AQUOS PHONE SERIE SHL22(左)とPandA(右)

 ちまたでは「格安SIM」や「格安スマホ」といった言葉が話題になっている。手持ちの端末をそのまま利用する「格安SIM」の場合は、とにかくランニングコストが安くなるというメリットだけを追いかければ話は早いのだが、いわゆる「格安スマホ」の場合、聞いたことも無いようなメーカー製の端末が用意される場合が多く、正直、「安いのは分かるけど、コレ、大丈夫なの?」というのが大半の人の本音だろう。

 そんな「格安スマホ」の代表格、フリービットの「PandA」(2ndロット)を入手したので、今回はそのファーストインプレッションをお届けしようと思う。

 料金プランやスペックの詳細はこちらの記事(http://k-tai.impress.co.jp/docs/news/20131113_623466.html)こちらの記事(http://k-tai.impress.co.jp/docs/news/20140423_645732.html)などをご参照いただきたいが、端末を手に取っての第一印象は“懐かしい重厚感”である。昨今のトレンドにならって5インチクラスのディスプレイを搭載しつつも、狭額縁ではないので、それなりのサイズ感になる。とりわけ、164gという重さは前述の重厚感に繋がっている。また、液晶がやや奥まったところに見えるあたりに懐かしさを感じる。このあたりはコストを強く意識した結果だろう。

背面。
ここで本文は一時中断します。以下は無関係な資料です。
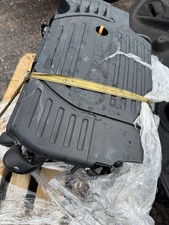 M16a suzuki sx4 for sale  WOLVERHAMPTON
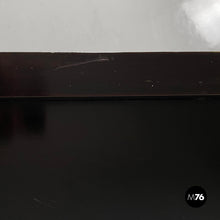 Charger l'image dans la galerie, Sideboard in wood, 1930s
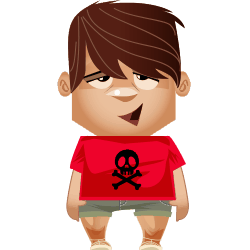Avatar de ebola
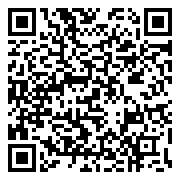QR 2D JM5600ASE-24G
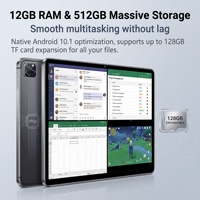 Sınır Ötesi 101 inç Android Tablet Toptan Satış Sekiz Çekirdekli 1.66GHz 32GB 5G Çift SIM Çift Bekleme 4G Aramalı Wi-Fi Doğrudan Tedarik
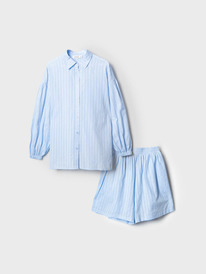 22.03  PlayToday �������� ����������� ��� ������: �������, ����� 12666188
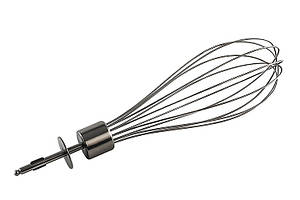 Віночок для блендера Philips 420303595641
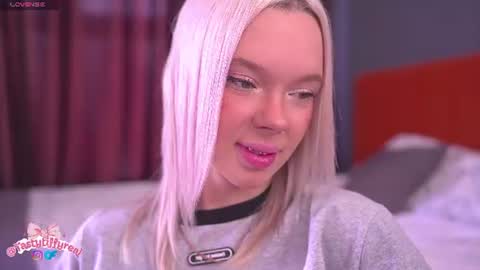 Alina online show from June 2026 07:54:01 AM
カバーを外すとデュアルSIMスロットが顔を出す

 気になる使用感だが、実を言うと、しばらく使ってみた感じでは、そうしたサイズ感以外では思いのほか不満が少ない。もちろん、気がつくと再起動がかかっているなど、少し前のAndroid端末の不安定さが残っているところもあるが、個人的には許容範囲に収まっていると感じる。
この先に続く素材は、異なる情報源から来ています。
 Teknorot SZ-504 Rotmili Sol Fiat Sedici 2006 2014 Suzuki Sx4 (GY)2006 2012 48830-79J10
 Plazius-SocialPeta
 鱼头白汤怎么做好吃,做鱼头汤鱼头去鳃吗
 フリービットが公表している250〜300kbpsという通信速度については、速度計測アプリを使用して計測してみると、アプリによっては下り約600kbps、上り700kbps〜1.44Mbpsといった数値が出る。ただ、別の計測アプリでは下り70〜80kbps、上り0.9〜1.4Mbpsといった数値になる。こうした結果を見ると、データ圧縮を行うなど、途中で体感速度を向上させるような工夫を行っているのかもしれない。
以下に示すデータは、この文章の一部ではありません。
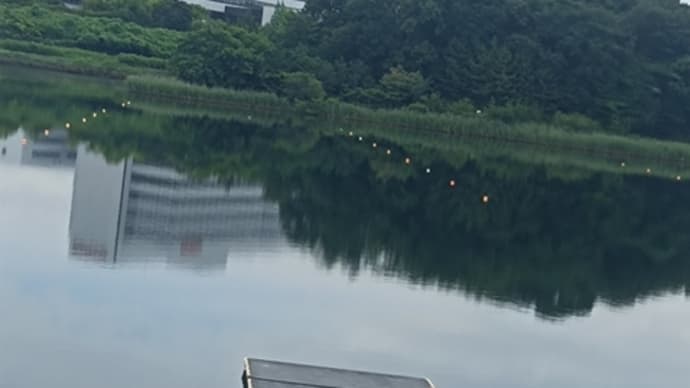 『自助』は正しい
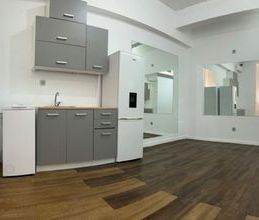 Studio/Γκαρσονιέρα για ενοικίαση - Βούλα, - Photo 1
速度計測してみるとアプリによってバラつきが見られる。下りはともかく、上りの速度は公表値を大きく上回っている

 いずれにしても、体感としては、メールやTwitter、Facebookなどの文字ベースでのコミュニケーションについては問題無いが、アプリのダウンロードや動画の視聴といった大容量のデータ通信を行う際はWi-Fi環境下でないと厳しいといった感じ。3G環境下での050番号のIP電話サービスについては、別途オプションで提供されている音声通話サービス(3G音声オプション)と比べると、やや遅延を感じるが、音が悪いという印象は無い。

 こう言っては失礼だが、「思っていたより、かなりまとも」というのが率直な感想である。